7. well, I'm glad I can help, if in fact I am helping.

The "really, really hate" part is a bit odd since it's always going to be a facet of the quiz. Quiz claims A, somebody writes code to demonstrate B. Scores are adjusted.

That's ok, because it's supposed to be an exception. Here it seems like an expectation.

With these new ones, you've run all the code in the quiz. But, the necessity of your answer is determined by code that may or may not be run afterward. To me that feels like skirting edges of trickery. Also, I think it makes the quizzes less useful as a lesson since the quiz isn't complete. You don't know the truth unless you also run something else and that something else isn't actually part of the quiz.

For example: I miss a question because I forget about a commit - fine, my mistake I know about commits but I brain-fart.

Next guy misses the same question because he doesn't know the importance of a commit.
While I'm sure after-the-fact commentary will be available to help explain it, it seems to me the quiz itself should be self-contained. That's part of the reason I recommend a visible output be used as the criteria. Not only is it unambiguous, but it also makes the solutions self-describing.

I think the answer is A. I run the code I get A - great, I knew it!
or
I think the answer is A. I run the code I get B - oops, better rethink that.

Even if you're clueless about what the code does, the answer is staring you in the face. It gives you something to work from.

With the new quizzes that require a mystery-after-code:

I think the code generates A. I remove something, I still get A - so the something wasn't necessary - am I right?

I don't know, maybe.

I think the answer is A. I remove something, I get B - so the something was necessary - am I right?

I don't know, maybe.

In either case, if a player is unsure of the results, the rules or their own modification they can't determine if they are right or wrong without an external ruling.
You either forgot some case, or your removal was deemed illegal.

That's why the current model seem less useful to me.

8. Whew. I decided to try a third time with one of these quizzes, applying what I've learned from these discussions. Set up the quiz, four choices, three of them with 100% necessary code.

Or so I thought. Elic found unnecessary code in all three of them.

So I give up. This is too complicated and difficult (just to write a good quiz!).

So I am taking a different approach: I will show a block of code and ask you to decide which of the choices contain code that CAN be removed.

Bottom line is that I will be, in essence, following Sean's advice. Thanks, Sean!

9. Hello Steven, All,

I think this approach is a much "happier and precise" one than the previous, can we start to celebrate ?
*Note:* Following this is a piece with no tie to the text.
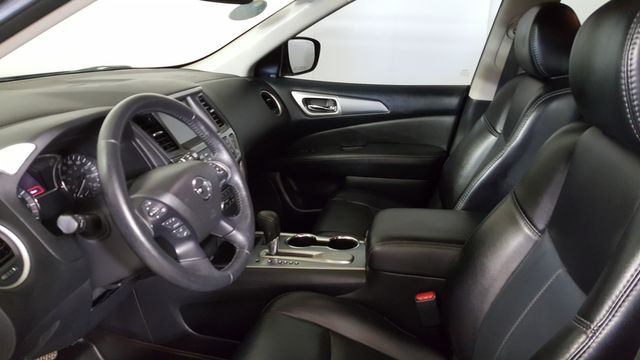 2018 Nissan Pathfinder SL | Carrollton, TX | Legend Motorcars of Carrollton 2018 Nissan Pathfinder SL | Carrollton, TX | Legend Motorcars of Carrollton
As I have predicted, for almost any piece of code somebody will be "clever enough" and find something
that can be removed, especially if the code is "complicated enough".

Asking whether a precisely specified "element X" can be removed or not is a much better focused quiz,
it is supposed indeed to require and check PL/SQL knowledge to understand the result of that removal
and not just "wild imagination" to try to find by all means anything that can be removed,
however illogical that piece might be, as we have seen in several cases discussed up to now.